### EXERCISE REQUIREMENTS
Copy out exactly, from the entries that follow, the line holding "Page 25 of Ore, Onna", the line holding "麻辣鸡怒斥 Lizzo！Nicki Minaj 在推上突然指名道姓 diss L", and all lines between them, but no pictures.

### DATA PROVIDED
━━━━━━━━━━
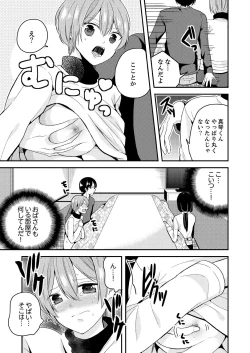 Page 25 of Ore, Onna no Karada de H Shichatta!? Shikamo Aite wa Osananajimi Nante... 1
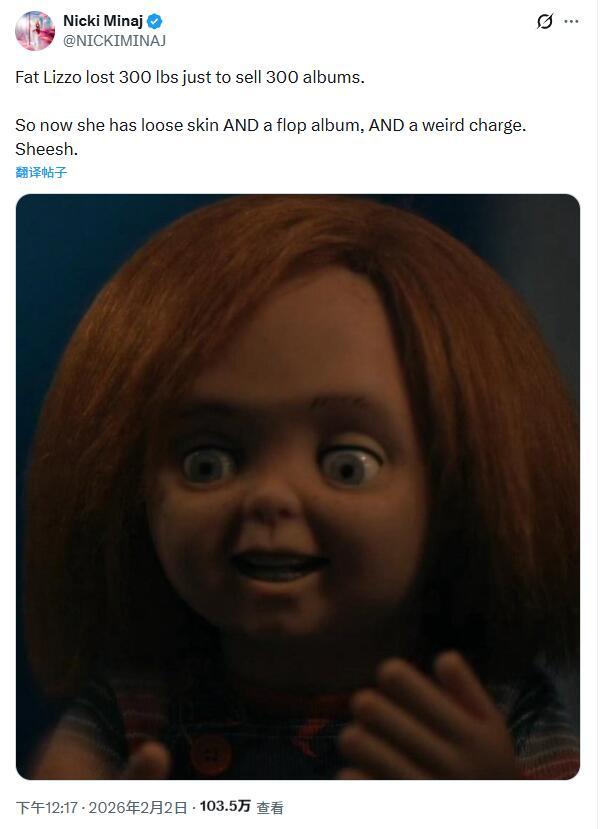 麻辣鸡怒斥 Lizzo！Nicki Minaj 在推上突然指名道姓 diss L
━━━━━━━━━━
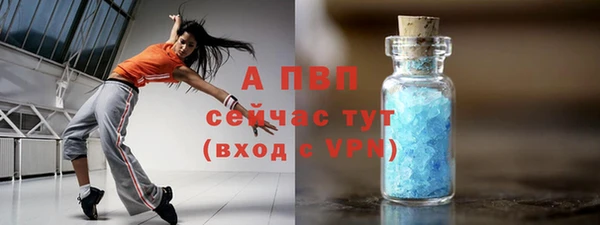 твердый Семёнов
━━━━━━━━━━
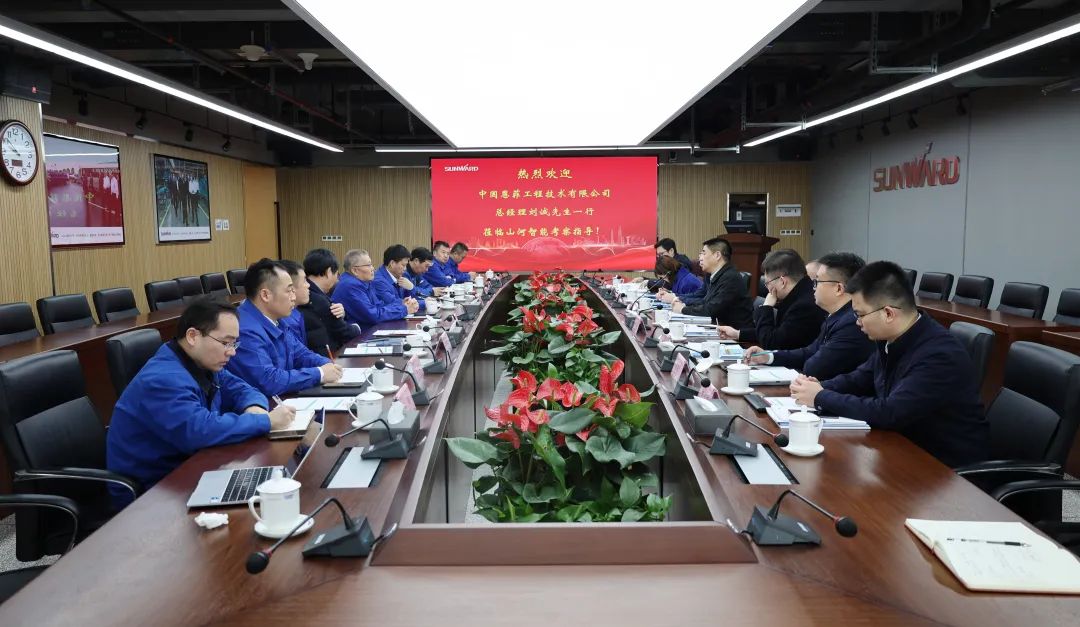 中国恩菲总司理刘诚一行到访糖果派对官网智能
━━━━━━━━━━
### TASK OUTPUT
 Page 25 of Ore, Onna no Karada de H Shichatta!? Shikamo Aite wa Osananajimi Nante... 1
 麻辣鸡怒斥 Lizzo！Nicki Minaj 在推上突然指名道姓 diss L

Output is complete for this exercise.